On the range, the CZ-452 will turn a few heads thanks to it’s looks, styling, and accuracy. The rifle features an adjustable trigger, and is beautiful for us trigger snobs. The trigger is light, breaking around three pounds greatly aiding accuracy. Not that the CZ-452 needs any help. Five round groups at 25 yards using CCI Standard Velocity lead round nose resulted in one ragged hole under half an inch. The Sellier and Bellot target loads imported by Century Arms from the Czech Republic produced one inch groups under the same conditions, though bulk Federal copper-washed hollow point hyper velocity loads weren’t as impressive and regularly grouped just over one inch.
The CZ-452 Special Military Trainer appeals to anyone looking for a solid, dependable rimfire rifle that actually feels like a rifle. Whether it be for small-game hunting, target shooting Appleseed clinic or just plinking tin cans, this rifle is damn near perfect. The only issue with the CZ-452 is finding one, since CZ discontinued the model in 2013. Thankfully, CZ-USA now offers the CZ-455 Training Rifle which includes many of the same features which retails for $372.

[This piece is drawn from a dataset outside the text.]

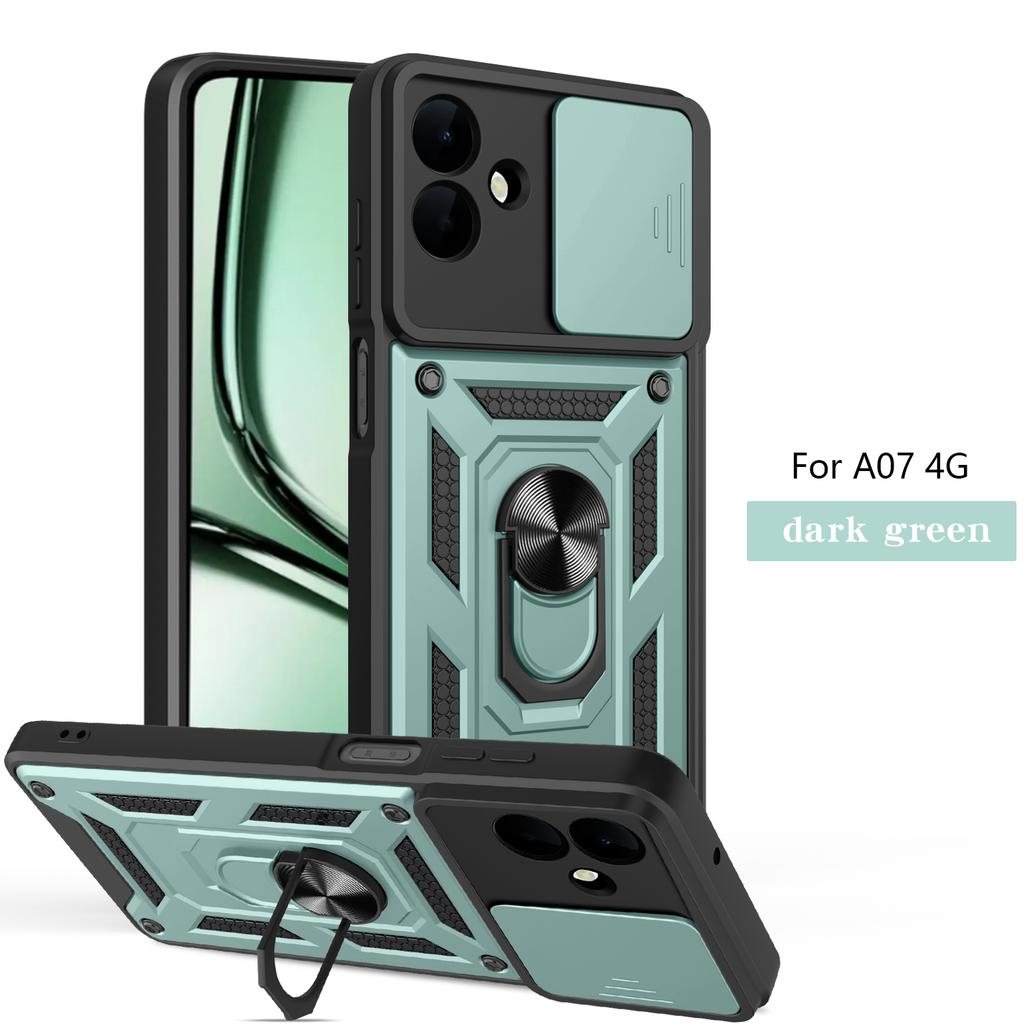 Shockproof Armor Case For  Samsung Galaxy A17 A07 A16 A06 A14 A15 A05S A04S A13 A26 Phone Cover Camera Lens Protection Fundas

Whether you’re scratching the military rifle itch, practicing sight alignment or teaching new shooters, the CZ-452 Special Military Trainer’s flawless reliability and astounding accuracy will serve you well. Younger shooters might not find the classic rifle as exciting as an AR-15, but the slow, deliberate bolt action will teach them to make every shot count. Yes it’s made of wood instead of evil black plastic, but that’s its appeal. It’s old school, old world and old fashioned. And sometimes, the old ways are still the best.